Welke mogelijkheden zijn er om preventief activisten aan te houden als zij tevoren kenbaar maken strafbare feiten te willen plegen en is dat in deze situatie overwogen?
Een aanhouding kan enkel worden verricht in het geval er sprake is van een verdenking van een strafbaar feit. Het enkel kenbaar maken een strafbaar feit te willen plegen, volstaat hiertoe niet, omdat een intentie of gedachte op zichzelf geen (verdenking van een) strafbaar feit oplevert. Overigens kan er wel in de voorfase van een strafbaar feit worden gehandeld, bijvoorbeeld als er sprake is van een verdenking van strafbare voorbereidingshandelingen.
Wat gaat u ondernemen om in de toekomst het ontregelen door activisten van cruciale transportaders zoals spoorstations te voorkomen?

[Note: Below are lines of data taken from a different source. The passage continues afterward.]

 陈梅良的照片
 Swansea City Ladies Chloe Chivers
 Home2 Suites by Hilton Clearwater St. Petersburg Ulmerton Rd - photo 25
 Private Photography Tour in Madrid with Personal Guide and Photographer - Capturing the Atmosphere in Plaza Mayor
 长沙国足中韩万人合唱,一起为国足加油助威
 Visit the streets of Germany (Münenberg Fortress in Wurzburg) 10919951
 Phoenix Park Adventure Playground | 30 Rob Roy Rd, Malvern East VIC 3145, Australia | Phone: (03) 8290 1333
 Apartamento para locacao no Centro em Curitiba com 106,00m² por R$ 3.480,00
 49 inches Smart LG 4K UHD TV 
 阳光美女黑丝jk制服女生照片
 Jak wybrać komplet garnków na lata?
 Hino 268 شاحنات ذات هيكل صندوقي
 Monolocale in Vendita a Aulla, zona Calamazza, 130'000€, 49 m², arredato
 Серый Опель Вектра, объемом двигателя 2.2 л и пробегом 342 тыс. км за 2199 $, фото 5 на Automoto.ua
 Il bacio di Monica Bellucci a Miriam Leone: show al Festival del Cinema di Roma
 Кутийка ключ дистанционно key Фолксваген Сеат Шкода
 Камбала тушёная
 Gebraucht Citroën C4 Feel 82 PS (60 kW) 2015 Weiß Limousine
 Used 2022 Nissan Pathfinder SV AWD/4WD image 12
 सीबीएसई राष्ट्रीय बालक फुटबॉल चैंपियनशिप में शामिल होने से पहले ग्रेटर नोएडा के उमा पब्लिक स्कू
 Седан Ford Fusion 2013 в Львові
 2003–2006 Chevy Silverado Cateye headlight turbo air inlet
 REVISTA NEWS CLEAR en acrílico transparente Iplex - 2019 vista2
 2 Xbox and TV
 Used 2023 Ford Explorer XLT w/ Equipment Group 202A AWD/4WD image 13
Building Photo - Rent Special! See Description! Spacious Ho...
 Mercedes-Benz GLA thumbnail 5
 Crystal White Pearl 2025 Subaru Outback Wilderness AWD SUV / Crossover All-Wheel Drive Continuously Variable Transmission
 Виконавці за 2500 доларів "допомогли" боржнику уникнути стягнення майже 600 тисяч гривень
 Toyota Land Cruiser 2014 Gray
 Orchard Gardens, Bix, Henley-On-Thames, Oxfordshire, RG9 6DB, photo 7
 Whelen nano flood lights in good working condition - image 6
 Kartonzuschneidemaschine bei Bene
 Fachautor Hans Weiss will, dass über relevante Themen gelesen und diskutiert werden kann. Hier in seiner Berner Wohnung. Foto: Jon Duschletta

Zoals nu al het geval is, blijft het Ministerie van IenW nauw in overleg met NS en ProRail over de diverse preventieve maatregelen die er zijn en die NS en ProRail nu ook al toepassen. Denk hierbij aan operationele en communicatieve maatregelen, gericht op het zoveel mogelijk voorkomen van dit soort situaties in de toekomst.
Zoals ook gedeeld in de Kamerbrief van 5 november jl.2 is een handelingskader (en escalatieladder) opgesteld door ProRail en NS in samenwerking met JenV, BZK en IenW dat ziet op de verbetering van handhaving bij stationsdemonstraties. Het handelingskader kan gezien worden als richtlijn, want uiteindelijk is het lokaal gezag bepalend in het faciliteren van een demonstratie en het handhaven van de openbare orde en veiligheid. NS/ProRail en gemeenten voeren op basis van dit stuk gesprekken over preventieve maatregelen.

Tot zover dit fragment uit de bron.